L’Ermitage du Saint-Esprit, o Ermitage de la Sainte Trinité, se trouve dans la commune de Roccasecca, au début de la route Roccasecca-Casalvieri (le “Tracciolino”), là où l'étroite vallée de la Melfa rencontre la vallée du Liri, sur les pentes abruptes du Monte S. Nicola, à quelques kilomètres de l'autre ermitage très intéressant de S. Angelo Asprano, près de Caprile. Nous montons en suivant un sentier escarpé taillé dans la roche, après avoir atteint le “Ponte Vecchio” sur la Melfa. L'ascension dévoile progressivement à l'œil le paysage suggestif des montagnes sur les deux rives du fleuve et du Tracciolino, qui suit le même parcours que le Melfa, passant tantôt sur sa rive gauche, tantôt sur sa rive droite.
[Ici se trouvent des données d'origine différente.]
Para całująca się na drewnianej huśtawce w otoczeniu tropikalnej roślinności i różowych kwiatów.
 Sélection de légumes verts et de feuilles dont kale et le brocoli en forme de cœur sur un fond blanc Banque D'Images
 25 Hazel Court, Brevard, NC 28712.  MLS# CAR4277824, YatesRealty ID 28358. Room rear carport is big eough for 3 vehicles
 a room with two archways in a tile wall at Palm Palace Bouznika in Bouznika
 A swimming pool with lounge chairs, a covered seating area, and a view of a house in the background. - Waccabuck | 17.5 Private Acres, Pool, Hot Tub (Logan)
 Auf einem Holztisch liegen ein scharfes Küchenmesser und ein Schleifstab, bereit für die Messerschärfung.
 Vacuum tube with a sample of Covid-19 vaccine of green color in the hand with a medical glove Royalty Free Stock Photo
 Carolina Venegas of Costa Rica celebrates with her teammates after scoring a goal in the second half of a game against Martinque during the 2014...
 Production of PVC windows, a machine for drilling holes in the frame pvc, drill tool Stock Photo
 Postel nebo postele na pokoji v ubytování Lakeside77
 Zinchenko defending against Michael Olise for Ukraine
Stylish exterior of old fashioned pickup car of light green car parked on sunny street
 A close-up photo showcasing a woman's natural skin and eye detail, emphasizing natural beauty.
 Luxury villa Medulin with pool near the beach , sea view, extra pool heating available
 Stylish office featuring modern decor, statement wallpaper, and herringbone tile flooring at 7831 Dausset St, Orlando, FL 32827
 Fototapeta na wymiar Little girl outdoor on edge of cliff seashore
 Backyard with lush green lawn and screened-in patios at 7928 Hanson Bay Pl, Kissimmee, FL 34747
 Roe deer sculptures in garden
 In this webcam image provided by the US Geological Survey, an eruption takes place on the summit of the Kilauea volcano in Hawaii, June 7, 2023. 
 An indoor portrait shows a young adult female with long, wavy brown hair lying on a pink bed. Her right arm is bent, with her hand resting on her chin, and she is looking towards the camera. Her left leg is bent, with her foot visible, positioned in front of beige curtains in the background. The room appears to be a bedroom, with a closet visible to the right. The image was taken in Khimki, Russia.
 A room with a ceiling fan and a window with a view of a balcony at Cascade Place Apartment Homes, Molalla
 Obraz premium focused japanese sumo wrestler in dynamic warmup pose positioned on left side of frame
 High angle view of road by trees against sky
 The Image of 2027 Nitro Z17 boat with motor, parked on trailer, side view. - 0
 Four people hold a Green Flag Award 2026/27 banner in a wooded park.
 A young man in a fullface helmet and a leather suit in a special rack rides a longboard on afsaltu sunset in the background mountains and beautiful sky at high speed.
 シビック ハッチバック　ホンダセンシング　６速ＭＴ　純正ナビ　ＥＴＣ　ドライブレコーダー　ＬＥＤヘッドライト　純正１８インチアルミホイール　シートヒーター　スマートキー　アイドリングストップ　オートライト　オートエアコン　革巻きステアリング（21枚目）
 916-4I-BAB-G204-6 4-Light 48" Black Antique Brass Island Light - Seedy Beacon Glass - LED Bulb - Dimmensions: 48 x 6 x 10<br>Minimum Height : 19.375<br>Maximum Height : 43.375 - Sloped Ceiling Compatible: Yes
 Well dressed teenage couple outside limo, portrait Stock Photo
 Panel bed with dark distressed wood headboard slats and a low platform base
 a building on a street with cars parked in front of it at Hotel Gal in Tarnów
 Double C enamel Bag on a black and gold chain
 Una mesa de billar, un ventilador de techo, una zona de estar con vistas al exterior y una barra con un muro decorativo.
Le lieu, très évocateur et “dramatique” (au point de suggérer en lui-même la présence du Sacré), qui domine le fleuve, a dû apparaître, aux premiers ermites du haut Moyen Âge, comme le plus propice au culte et à la retraite spirituelle.
Le premier établissement, certainement antérieur à l'an 1000, a été construit à l'intérieur d'une grotte naturelle, qui a ensuite été adaptée et intégrée avec des murs pour abriter plusieurs cellules de moines lorsqu'ils ont décidé de construire une petite église sur deux niveaux et d'autres ouvrages annexes : un four, un abri pour les animaux sur le côté droit de la façade de l'église, et des murs de soutien, peut-être pour créer de petits jardins potagers. La rareté de l'eau et l'éloignement de la Melfa ont obligé les moines à créer un ingénieux système de collecte, de canalisation, par des canaux taillés dans la roche, et de stockage, dans une grande citerne, de l'eau de pluie : des ouvrages encore visibles aujourd'hui. Le seul élément de référence temporelle certaine est un bénitier, aujourd'hui inséré dans le mur de la petite église à nef unique, qui porte les lettres SST MC. Elles indiquent probablement la ’Sainte Trinité“ et la date de 1100.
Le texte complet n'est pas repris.